Using ECG lead wires and electrodes with a BioPac M-35 data collection  apparatus, students collected raw data of their own heart and respiration rates, and loaded the data into MATLAB to analyze and calculate information like the heart rate itself, and portions of it like the QT-interval. “I think it was cool that we could measure signals from our own body and analyze it in a way that let us use it for a real-world application,” said junior Melanie Hillman about the project.

After taking these preliminary measurements, students used a combination of circuitry, MATLAB, and data acquisition boards to create both passive and active filters for the input signals. These filters helped separate the user’s breathing rate, which occurs at lower frequencies, from the heart rate, which occurs at higher frequencies, allowing for the data to be read and analyzed more easily.

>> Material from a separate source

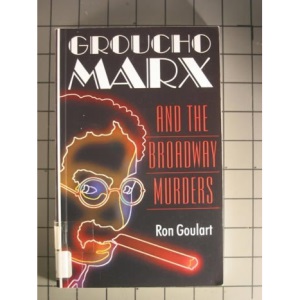 Groucho Marx and the Broadwaymurders (Thorndike General)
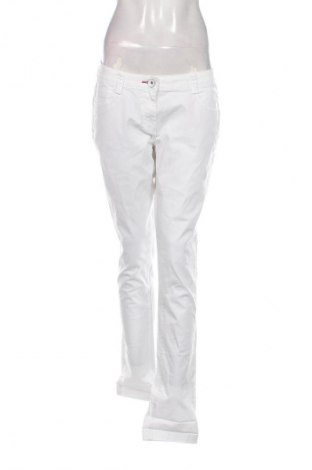 Blugi de femei Sandwich_, Mărime M, Culoare Alb, Preț 29,99 Lei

In their final design, most students used an active filter circuit chip that combined hardware with software to create bandpass filters of different frequency ranges for both input signals.

“It was nice to be able to do a lab that connected different aspects of engineering in the sense that we both electronically built circuits, and also modeled them theoretically, because normally there’s a separation between those two domains,” said junior Emily Johnson. On the final day of the project, Demo Day, groups displayed their designs ability to take one input from the ECG cables connected to a user, and filter it out into recognizable heart and respiration rates on the computer. This project, conducted in the in the Stephenson Foundation Bioengineering Educational Laboratory here at the University of Pennsylvania’s Department of Bioengineering, is just one of many examples of the way this hallmark course of the bioengineering curriculum strives to bring together all aspects of students’ foundational engineering coursework into applications with significance in the real world.